A decisive step towards the digital dollar? The US Federal Reserve has opened the debate on a possible ‘official’ digital currency with an expected document with the pros and cons of it released this Thursday. The world’s largest central bank invites public comment and input on whether and how a central bank digital currency (CBDC) can safely and efficiently enhance the nation’s payment system. It’s not just about keeping pace with global financial innovation: dollar supremacy is at stake.
“We look forward to engaging with the public, elected representatives, and a wide range of stakeholders as we examine the positives and negatives of a central bank digital currency in the United States,” said Fed Chairman Jerome Powell. Citizens can send their contributions by answering about 20 questions. The Fed has given a period of 120 days.
The document, which does not lean towards any particular result, is limited to describing the current state of the US payment system and analyzing the different types of payment methods and digital assets that have emerged in recent years, including stablecoins and other cryptocurrencies. His most relevant point is when he lists possible benefits and risks of a CBDC.

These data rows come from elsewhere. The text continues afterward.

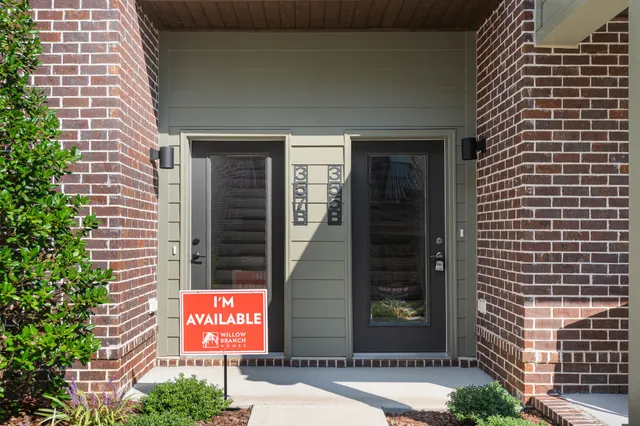a view of a brick building with a door and a window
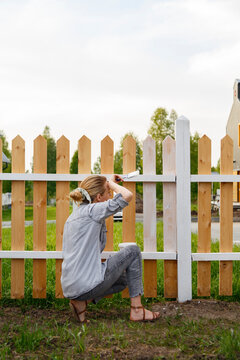Tired female painter wiping sweat near fence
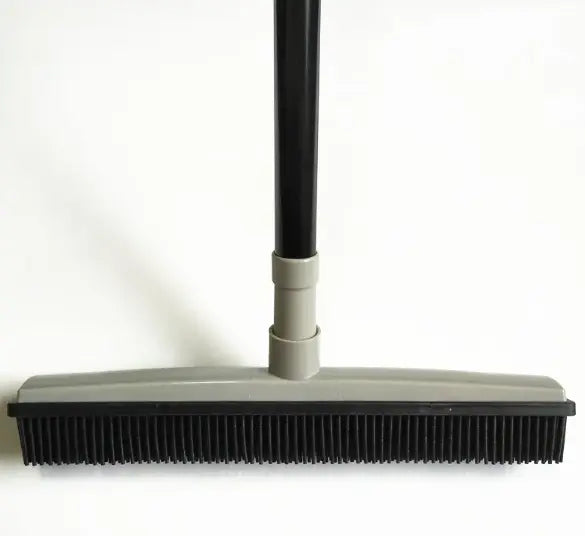 Pet hair removal broom for effective cleaning of carpets and floors, featuring a grey head and a durable handle.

Those responsible for the Fed admit in the text that consumers and companies have been having and transferring money digitally for a long time, through bank accounts, online transactions or payment applications. The forms of money used in these transactions are obligations of private entities, such as commercial banks. On the contrary, they point a CBDC would be a liability of a central bank, as in this case the Fed.
However, the authors of the document point out, although a CBDC could provide a secure digital payment option for households and businesses As the payment system continues to evolve, and could lead to faster payment options between countries, there may also be drawbacks. Among them is the difficulty in ensuring that a digital currency preserves monetary and financial stability, in addition to complementing the existing means of payment. Other key considerations are how to preserve the privacy of citizens and how to maintain the ability to combat illicit finance.

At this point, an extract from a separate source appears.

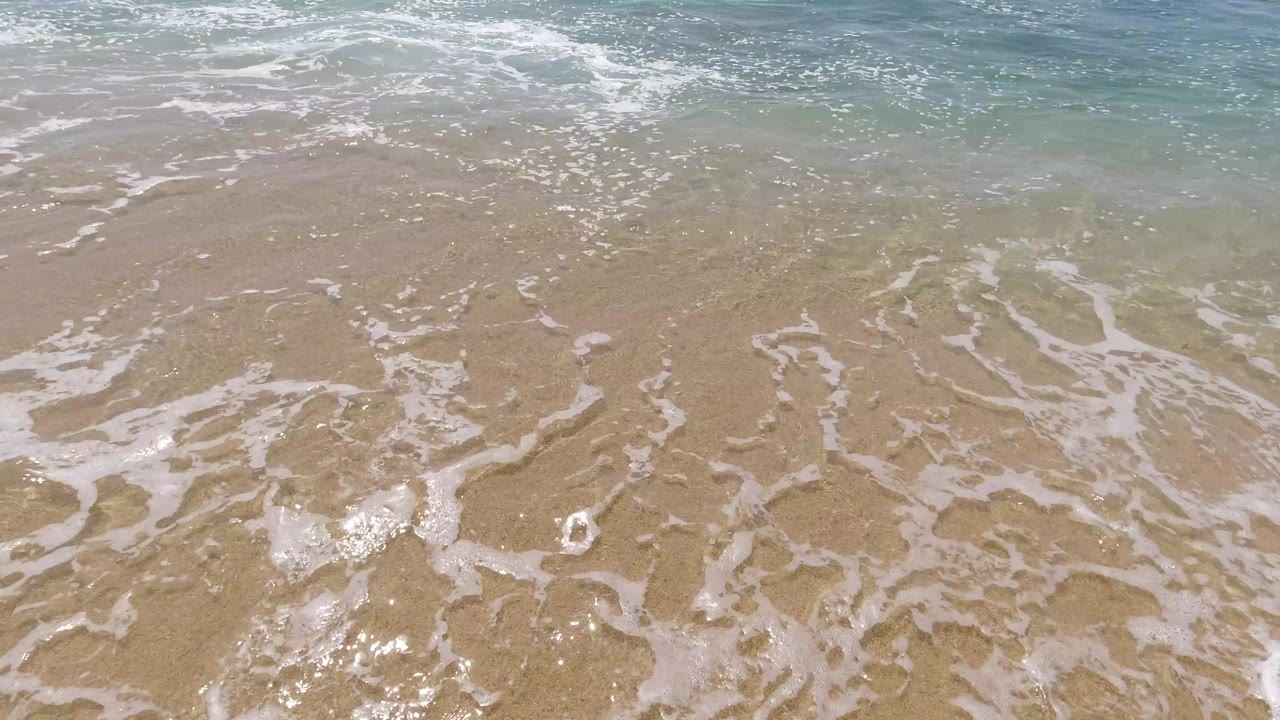 Sea foam forms branching white lines over shallow water on a Los Cabos beach, with no visible people or built structures.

It also stresses that the use of a CBDC could “fundamentally change the structure of the US financial system”, as there is a possibility that banks’ funding costs will increase if deposits decrease as the availability of a CBDC becomes more widespread. digital dollar with interest. This, in turn, could increase the cost of credit for households and businesses.
The body stresses that “the best thing for the needs” of the US would be for the private sector offered digital accounts or wallets to “easily manage” all holdings and related payments. At this point he suggests that commercial banks and regulated non-bank financial services institutions take the lead in this task.
However, from the Fed they consider that if “individuals, companies and governments can use a CBDC to make basic purchases of goods and services or pay bills, governments could also use it to collect taxes or make benefit payments directly to citizens.
Beyond all these considerations, they warn from the US central bank, inaction also has consequences. Failure to develop a US digital currency could erode the country’s supremacy in world markets, the discussion paper warns.
In recent years, the Fed has been reluctant to adopt an official digital currency, saying it would only do so if the benefits outweigh the costs. These reluctance have caused the agency to lag behind the authorities in China, which is testing a digital renminbi. The European Central Bank (ECB) has also made inroads on the scope of a digital euro.
“The Federal Reserve report is a good first step toward designing a central bank digital currency that brings more Americans into our banking system and helps maintain US leadership in the global economy,” said Sherrod Brown. Democratic senator from Ohio and chairman of the Senate banking committee, according to Financial Times. Also from the political spectrum, Pat Toomey, a Republican senator from Pennsylvania, has applauded the Fed’s “constructive” initiative, being in favor of a CBDC. However, he has expressed his questions about privacy issues, something that could be a hindrance in the launch of a digital currency.
Some skepticism seems to be taking root among financial analysts. Jan Hatzius, chief economist at Goldman Sachs, has predicted that the Fed is unlikely to be “very aggressive” in its plans if he finally decides with the digital dollar. “There is room to introduce it cautiously, but I think it is not going to replace the central financial intermediation system focused on banks any time soon.”